I let him sleep, and thought I would sit by his side till the surgeon came.—

I took a long, free breath, for I supposed it was all hopelessly over. Then I thought of his strange history:-I knew it well.

He was born not far from Trenton Falls,-the youngest son, among several brothers, of one of the brave tillers of that hard soil. He had seen his family grow up nobly and sturdily, under the discipline of a good religion and good government, and with a determination to defend both. When his country's troubles began, his first impulses thus found expression to his brothers:-"Let me go; for you are all married; and if I fall, no matter."

He went. He had followed the standard of the Republic into every battle-field where the struggle carried him, till, worn out, but not wounded, he was borne to this hospital in Washington, a sick boy.

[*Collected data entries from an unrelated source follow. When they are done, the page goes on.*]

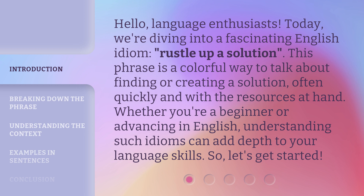This phrase is a colorful way to talk about finding or creating a solution, often quickly and with the resources at hand. Whether you're a beginner or advancing in English, understanding such idioms can add depth to your language skills. So, let's get started.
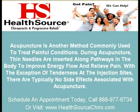Acupuncture is another method commonly used to treat painful conditions. During acupuncture, thin needles are inserted along pathways in the body to improve energy flow and relieve pain. With the exception of tenderness at the injection sites, there are typically no side effects associated with acupuncture.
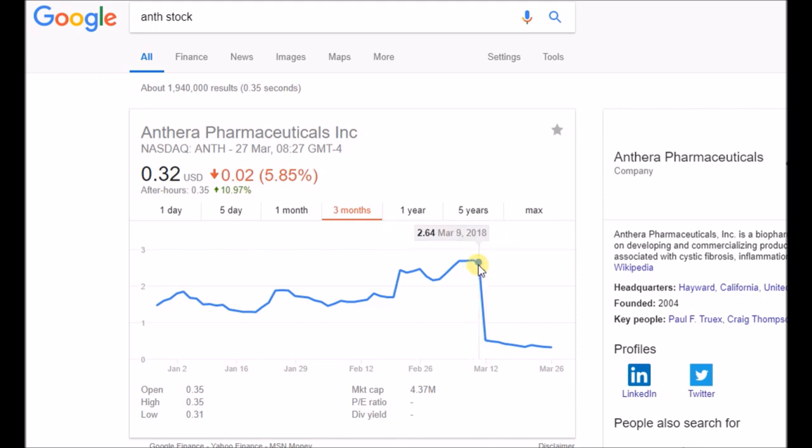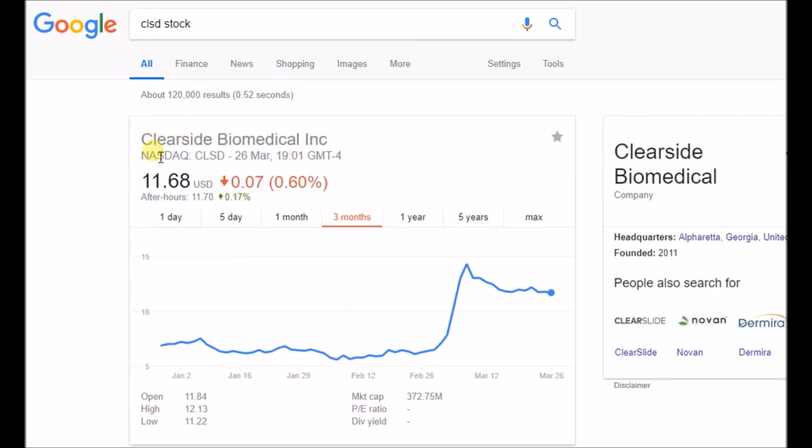What is shorting in the first place? Shorting is borrowing stocks or shares from a broker and betting that the price is going to go down, so you can buy them back at a cheaper price. Instead of clicking the buy button, you click the short button. When it goes down, you press buy to cover — you put in the number of shares you already shorted and buy them back. It's really simple.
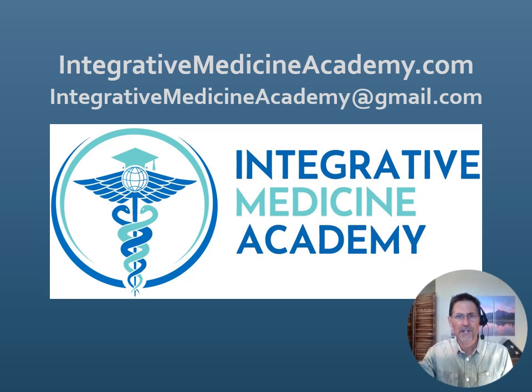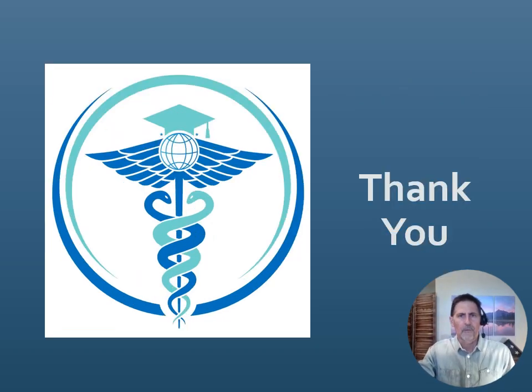If you are interested in our other mastery courses — from autism to organic acid testing, mitochondrial issues, toxicity, and more — please go to integrativemedicineacademy.com. You can also email us at integrativemedicineacademy@gmail.com. I am Dr. Kurt Wohler for Integrative Medicine Academy. Thank you.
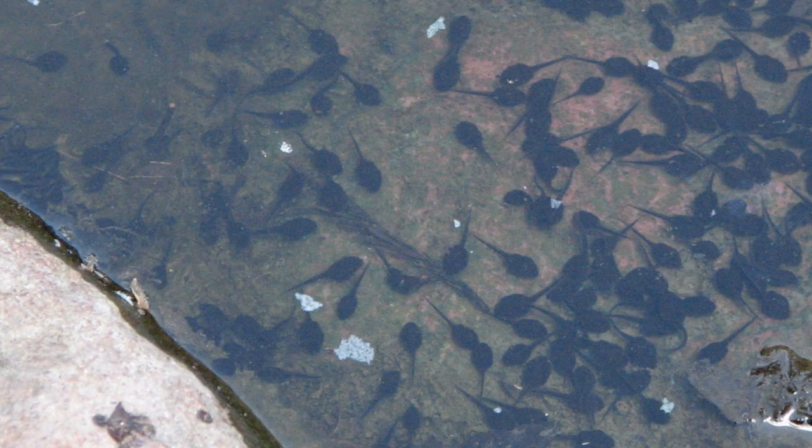Their eggs hatch into tadpoles, which turn into baby toads. If you like nature how-to videos, consider subscribing to my channel. You can also support my channel by joining me on Patreon. Thanks for watching.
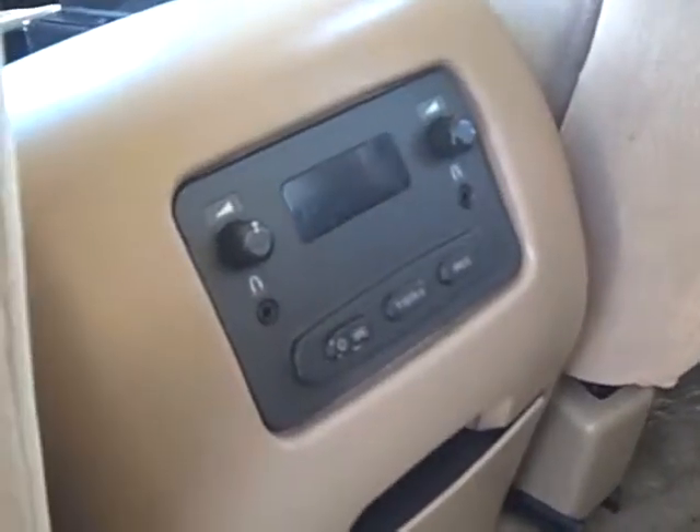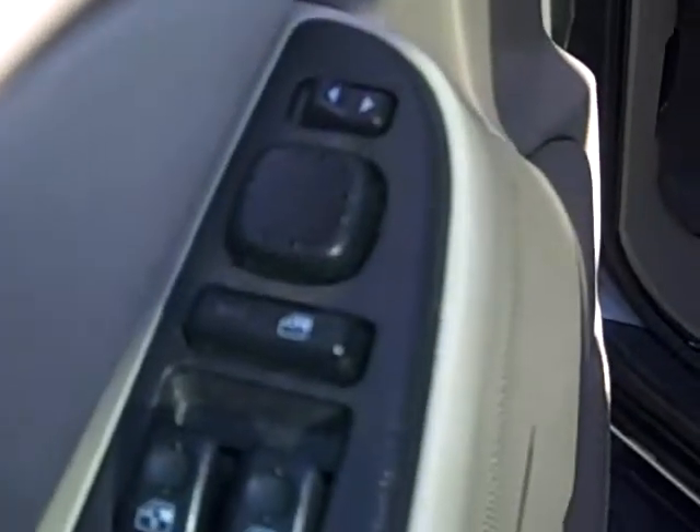You do have the second row climate control down here. You can see you can also plug in some headphones. Coming around, you'll notice you've got power windows, power locks, and power mirrors as well.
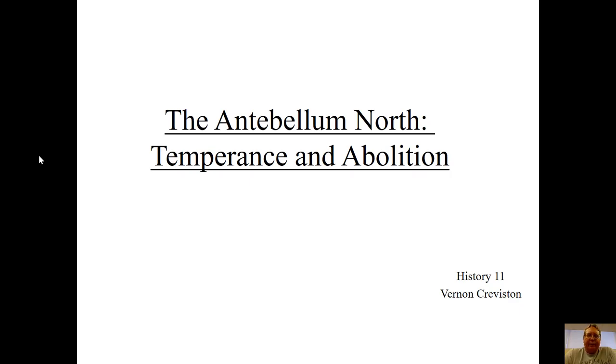Hello everyone. Welcome once again to our lecture series in History 11. Today we're going to continue with the story from the last lecture, the first half of this lecture on the antebellum north — the north as it exists before the Civil War. In our last lecture, we were really looking at the big forces starting to transform the north.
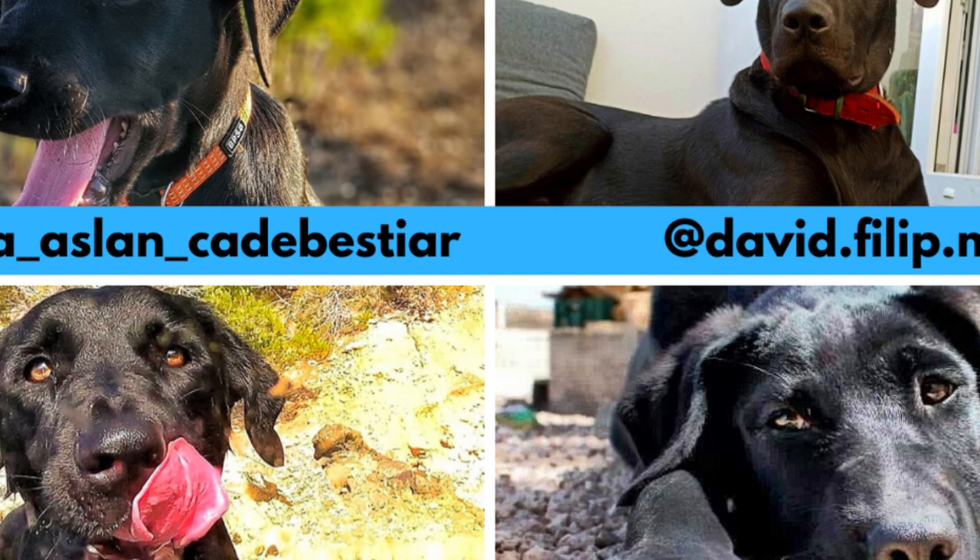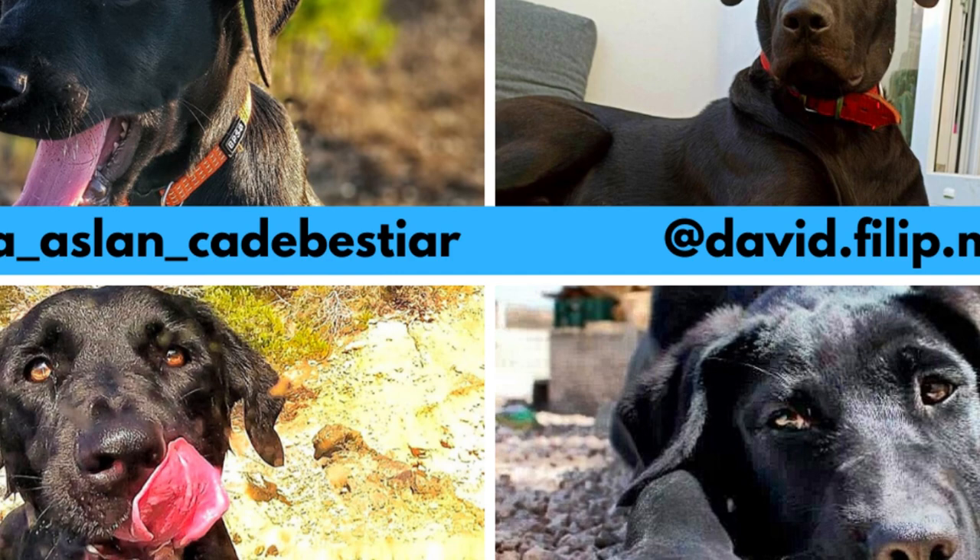I would love to thank these Instagram profiles for letting me use their photos and videos. If you like the Ca de Bestia and would love to see more of it, definitely check them out — links are in the description.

He seemed to have a charmed life, for on several occasions his comrades had been shot dead or wounded on either side; and when his last cartridge had done execution, he carried off two of his wounded companions from the field, bearing them and their muskets to the rear,― if there were a rear in the flight from the Bull Run of July, '61,—and nourished and watched and stood by these comrades till they died, and then got the help of a farmer to carry them with his cart, a whole day afterward, to be buried in a place which he chose.

This boy's example had inspired that farmer with such benevolence-if he were not inspired by patriotism already— that he made honored graves for them; and the writer of this work knows where their ashes rest.

When this was all over, the boy came back, as a kind of rear-guard, of one, in the flight of the army of the Potomac, and, having reached the city of Washington and reported himself to his commander, fell senseless on Pennsylvania Avenue. He was taken to a neighboring house and well cared for; and I saw him in the hospital of which I have spoken.

But this was only his life as a soldier. There was another and a deeper life than that. The great loadstone that led him away was the magnet of his nation. Another loadstone held his heart at home: it was the magnet of Love.